For individuals who are interested in saving money and reducing emissions and reliance on energy from overseas, a 12 volt solar charger is a surprisingly simple and convenient alternative. If you’d like to find out more about solar battery chargers, please read on.
The simplest type of battery charger functions by simply supplying a battery with electricity of a specific voltage. The battery placed in the power supply, and disconnected once it’s completely charged. A 12 volt battery may be charged in a 15-18 volt power supply. The main disadvantage of this kind of charger is that there’s nothing to prevent you from overcharging the battery.

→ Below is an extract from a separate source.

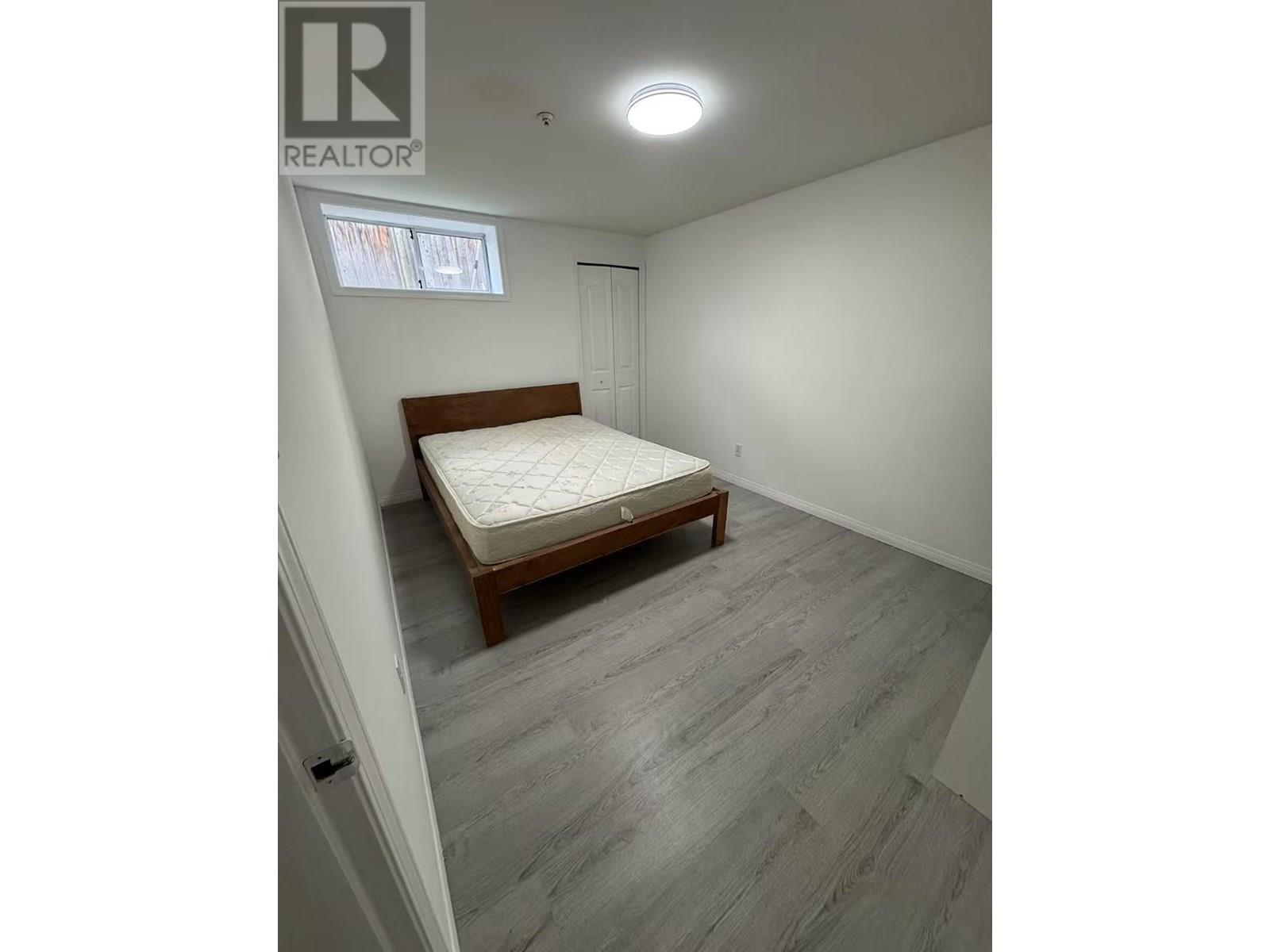 Basement 2539 W 22nd Avenue, Vancouver, British Columbia  V6L 1M3 - Photo 3 - R3014149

An overcharged battery’s life is likely to decrease. Overcharging a 12 volt battery too much can damage it to the point that it will become unable to maintain a charge. The way to make sure that the right voltage is used and that the battery is not overcharged is to employ a charge controller. A charge controller will allow you to take advantage of the functions of a 12 volt solar charger without having to worry about overcharging.
The most common kind of charge controller for 12 volt batteries is a Pulse Width Modulation (PWM) charge controller. In basic terms, this type of charge controller works by flipping a switch on and off very quickly. Initially, the switch stays “on” more. The switch gradually spends less time in the “on” position as power is transferred to the battery, and when it’s fully charged, the switch goes off permanently. In a PWM charge controller, a microprocessor chip usually performs the task of monitoring and controlling the charging process. Thus, you can leave this type of charge controller plugged into a battery indefinitely, since it will only transfer power to the battery when needed, without the danger of overcharging. When you have a battery that you don’t necessarily use all the time, you can take make use of this form of “trickle charging” in order to ensure that the battery is available and fully charged whenever you want to use it. This ability is obviously very appropriate for a 12 volt solar charger. This, in turn, will let you keep the 12 volt battery for your boat or RV charged at all times.
With these basic components, you can make a 12 volt solar charger. The source of the power itself is the only thing that makes a 12 volt solar charger different. As you might expect, a solar panel is the source of the power for a solar battery charger. Building your own DIY solar panel for use in a 12 volt solar charger is becoming more common. Read more at Do It Yourself Solar Panel.
For the common solar panels used on buildings, the solar cells are generally about half a volt and three to four amps. If you’re using these types of cells, it will be necessary to use a number of them to generate the 15-18 volts needed to charge a 12 volt battery. Currently, there are small solar panels of numerous different voltages available. It’s necessary to match the voltage of the solar panel to your charge controller. The voltage rating on the charge controller indicates what voltage you’ll need. A solar panel of 15-18 volts is usually the best choice if you’re unable to use a charge controller for whatever reason. Just remember to use the indicated voltage if you are using a charge controller. You can build your own 12 volt solar charger with the help of GreenDIYEnergy. If you’re interested, check out GreenDIYEnergy Review.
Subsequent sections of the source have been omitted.